EXTRACTED MATERIAL -
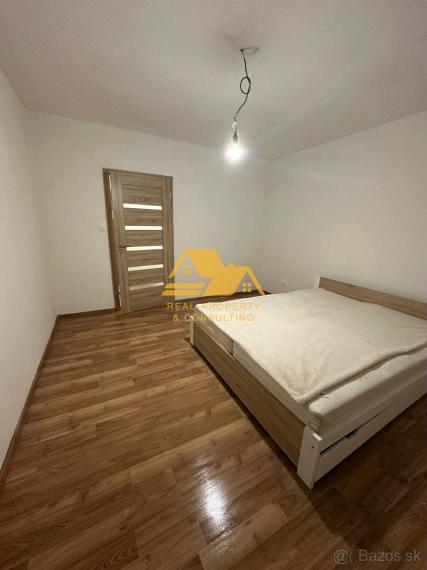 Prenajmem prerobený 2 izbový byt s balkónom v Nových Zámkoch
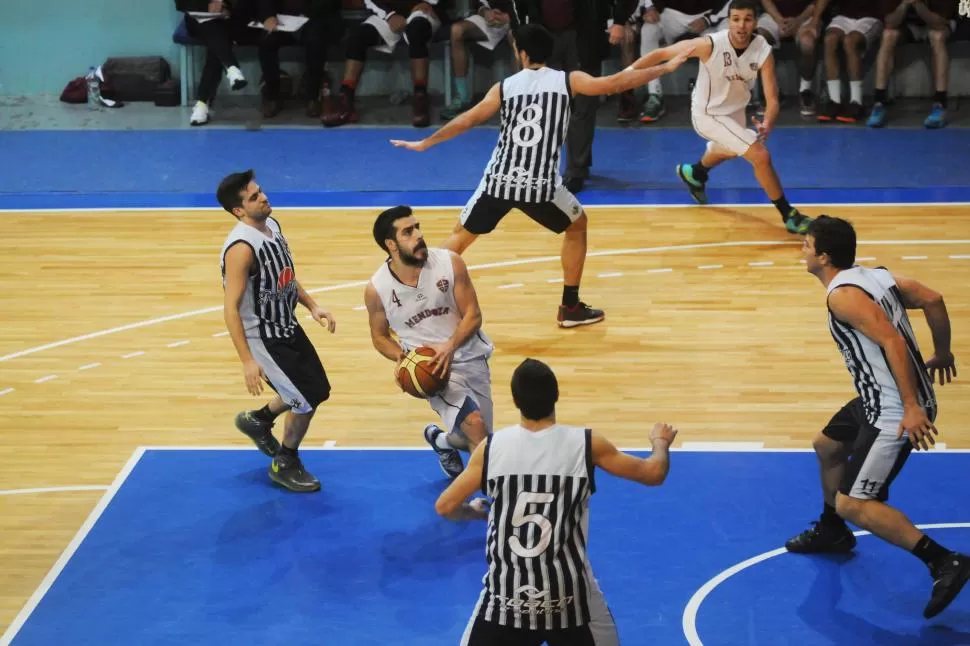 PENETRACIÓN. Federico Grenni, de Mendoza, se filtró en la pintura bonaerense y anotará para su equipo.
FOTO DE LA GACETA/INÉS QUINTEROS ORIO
--
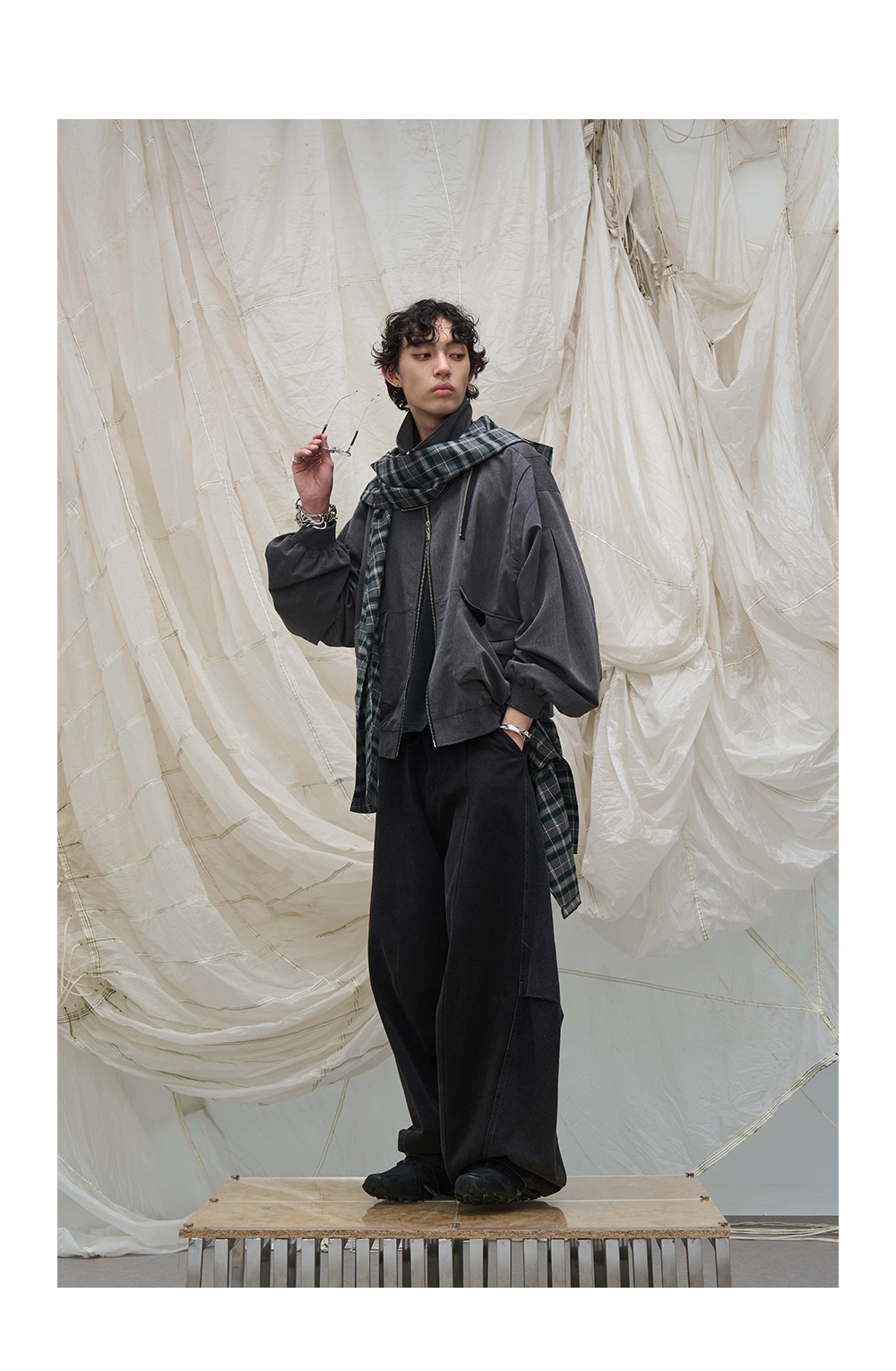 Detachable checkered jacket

TASK ITEM - Working from the records above, set down word for word everything from the line containing "Prenajmem prerobený 2" down to the line containing "FOTO DE LA GACETA/INÉS QUINTEROS ORIO", ends included, minus the pictures.

RESPONSE BOX -
 Prenajmem prerobený 2 izbový byt s balkónom v Nových Zámkoch
 PENETRACIÓN. Federico Grenni, de Mendoza, se filtró en la pintura bonaerense y anotará para su equipo.
FOTO DE LA GACETA/INÉS QUINTEROS ORIO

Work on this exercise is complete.